Murray Turnbull (1919–2014) was an American artist and art educator, but is best known as the founder of the East–West Center in Honolulu. He was born in Sibley, Iowa. He received a BFA from the University of Nebraska in 1941 and an MA from the University of Denver in 1949. In 1954, he began teaching at the University of Hawaii In 1959, while acting dean of the university's College of Arts and Sciences, Turnbull first proposed an "international college" for all the peoples of Asia and the Pacific.
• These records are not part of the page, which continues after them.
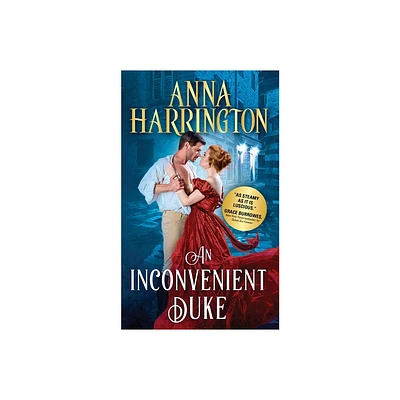 An Inconvenient Duke - (Lords of the Armory) by Anna Harrington (Paperback)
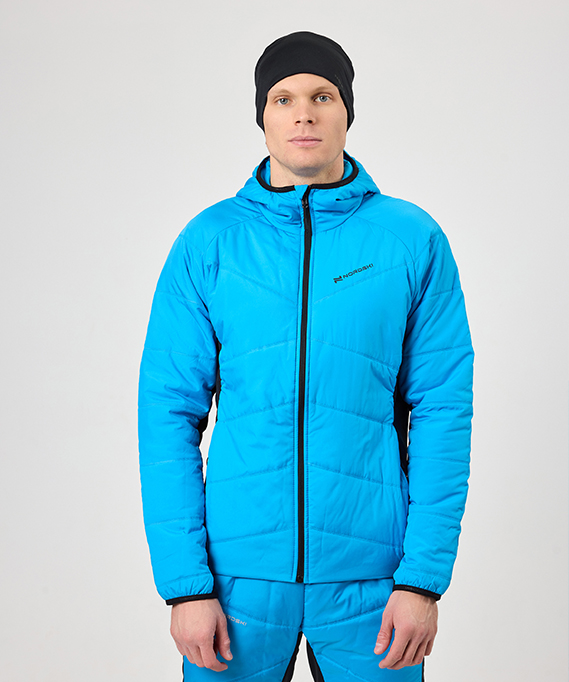 

Куртка Nordski Hybrid Warm 2.0 Light Blue/Black, Голубой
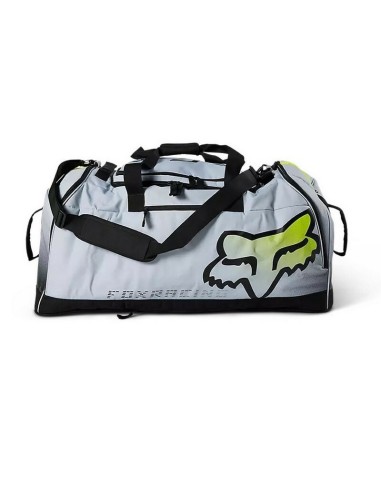 Bolsa Fox Podium Toxsyk Duffle Blanco/Amarillo Flúor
The idea was advanced by Hawaii's delegate to the U.S. House of Representatives (and later governor) John A. Burns, who, with the help of Senate Majority Leader Lyndon B. Johnson, obtained federal funding for an international university in Hawaii, now known as the East–West Center. Turnbull retired from the University of Hawaii as a professor emeritus in 1985.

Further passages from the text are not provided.